The last time I felt this helpless, I was nine years old and given a brown paper carrier bag by my mother and told to go and buy sausages at the butcher.
I walked miles to get to the butcher, then had to wait for ages in a queue. Finally, when it was my turn, all I could remember was that my mother said six, so the butcher sold me six pounds of sausages. What my mother eventually did to the butcher and I is not for these pages, but it was loud, painful, and frightening for us. I had no idea what I was doing then, and I had no idea what I was doing when buying somewhere to live.
First, finding a home and realising that every place I thought would be perfect was always just out of my price bracket; the tension between need and want was genuine.
Eventually, I found somewhere and made an offer which went back and forth until it was agreed, and then nothing! There was nothing for me to do but wait anxiously for months while all sorts of things were going on, but goodness knows what they were. I had to read documentation, but here my brain was only registering the start and the end while the mass in the middle it decided was irrelevant, so I ignored it.
The feeling of not being able to be part of the process was disturbing. When making a large purchase, you can read reviews, ask around and try it out before you part with money; even then, you can take it back and have a refund. Unfortunately, buying a home does not work like that.
My story may be somewhat simplistic, showing ignorance of sausages or a flat, but my purchases eventually worked out. Still, over the past year, I have heard so many stories of frustration and heartache from other buyers that it made me realise how lucky I have been.
For example, a couple I know were just about to exchange contracts when to vendor rang them asking for an increase in the purchase price. What made this worse was that they had already exchanged contracts about their place. It sounded little more than blackmail. They refused to bite and told the vendor they would not offer more, fearing they would be homeless. A courageous decision to take, as it turned out very lucky as a new purchase fell into place very quickly and they have been happily in that house for the last 30 years and raised a family.

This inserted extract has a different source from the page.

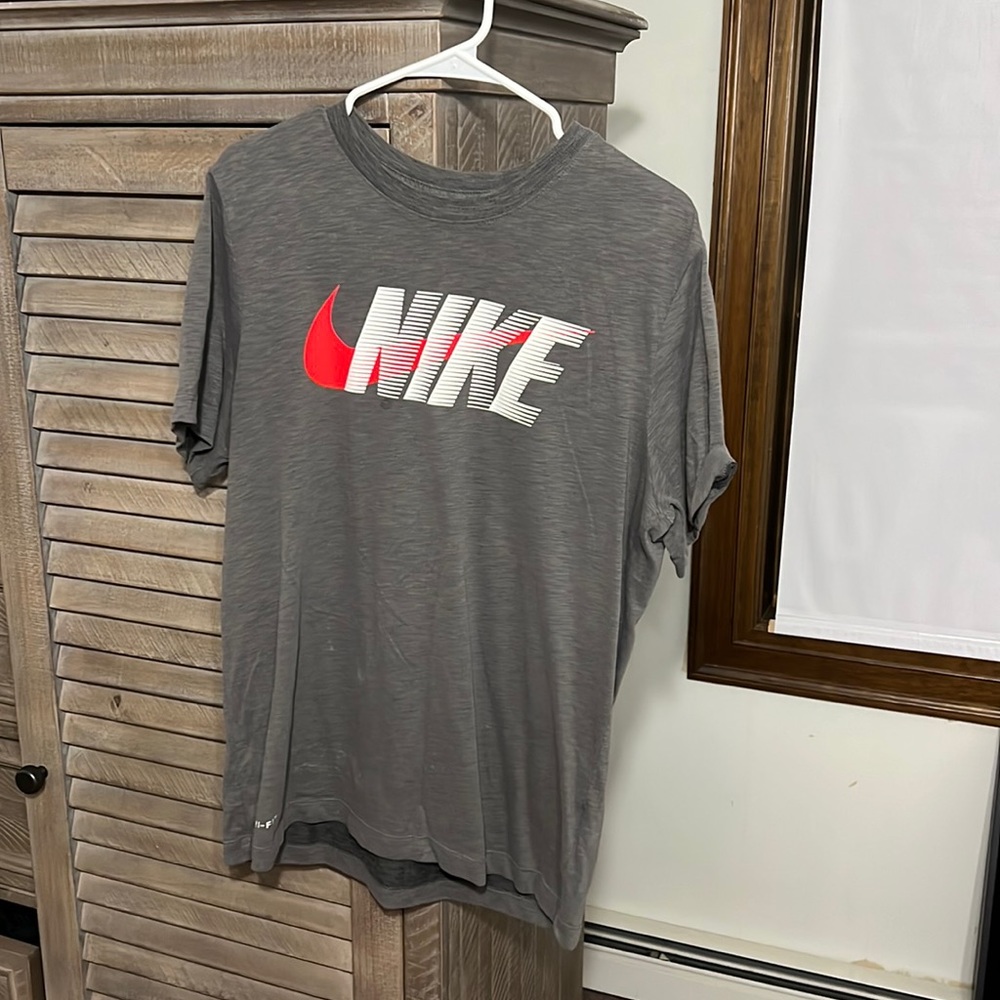 Nike tee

Others I have heard about have yet to be so lucky; only recently, a couple tried to sell their flat three times, and each has been a failure. So frustrating and upsetting.
So, during my wanderings around the pond, my companions and I have decided that whether we are a seller or a buyer, be it something worth a few pounds or many thousands of pounds, we must not be like that nine-year-old. We must know what we are doing, be fair and compassionate, and understand what we are doing.